Dr.. Rope. Fleisz János ny. University professor, historian, chess judge, prominent figure in civic and public life in Oradea and Bihor Province, will turn 70 on June 3. On this occasion, we are reviewing with the celebrant himself the very rich way of life.
When, why did you turn your interest in history?
“My interest in history as a science developed relatively late, but I was always interested in the past. I was born in Oradea, grew up near Kouros beach, and the old money I found there excited my imagination a little. But there was also an interest in history in my environment, in my family, not On a scientific level of course.I graduated from Premontrei High School then, then named Secondary School No. 4, then from the Teacher Training College of Oradea, majoring in History and Geography, then in Cluj-Napoca, majoring in History and Philosophy My teaching career spans more than forty years For the longest period, twenty-eight years, I taught in my previous school, the secondary school now named after Mihai Emenescu.
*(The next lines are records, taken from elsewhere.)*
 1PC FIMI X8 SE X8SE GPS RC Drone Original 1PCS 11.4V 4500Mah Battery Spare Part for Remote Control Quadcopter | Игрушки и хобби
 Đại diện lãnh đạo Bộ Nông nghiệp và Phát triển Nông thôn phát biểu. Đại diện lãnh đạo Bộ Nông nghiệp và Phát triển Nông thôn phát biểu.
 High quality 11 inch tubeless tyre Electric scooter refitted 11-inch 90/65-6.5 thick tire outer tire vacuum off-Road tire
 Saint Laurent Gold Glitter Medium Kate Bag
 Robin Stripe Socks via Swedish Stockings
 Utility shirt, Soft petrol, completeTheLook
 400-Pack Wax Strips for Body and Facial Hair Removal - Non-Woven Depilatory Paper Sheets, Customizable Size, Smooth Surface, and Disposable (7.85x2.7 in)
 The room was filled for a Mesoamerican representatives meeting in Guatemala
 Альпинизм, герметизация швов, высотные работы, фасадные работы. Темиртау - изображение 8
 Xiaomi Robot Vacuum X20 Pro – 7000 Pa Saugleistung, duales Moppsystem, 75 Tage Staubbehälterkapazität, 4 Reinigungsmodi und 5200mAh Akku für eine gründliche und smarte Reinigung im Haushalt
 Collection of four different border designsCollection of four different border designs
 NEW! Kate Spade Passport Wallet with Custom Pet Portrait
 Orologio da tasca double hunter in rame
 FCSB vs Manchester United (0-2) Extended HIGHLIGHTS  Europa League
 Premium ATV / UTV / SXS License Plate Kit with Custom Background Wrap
After 1990, more was possible. In 1995, I received my Ph.D. from the Hungarian Academy of Sciences in Budapest, after which I was able to Teaching in universities, so as a guest teacher in Budapest, Pécs, and later at Partium Christian University as associate professor. I was qualified in 2001 and is the basis for the title of university professor. In 2008, I was awarded the title of university professor relatively late. My last job at University of Oradea in 2017.
As a teacher, what do you consider your greatest achievement?
– It is very difficult for me to answer this question, because my career has developed so that I have worked in all lines from elementary school to doctoral training for longer or shorter periods. My career was very dynamic because it was true for a short time, but I taught at the same time in high school and also in two universities at the same time, in Budapest and Oradea. It has always been my opinion that a teacher should focus not only on imparting knowledge but also on forming thinking, and this was generally preferred by students as well.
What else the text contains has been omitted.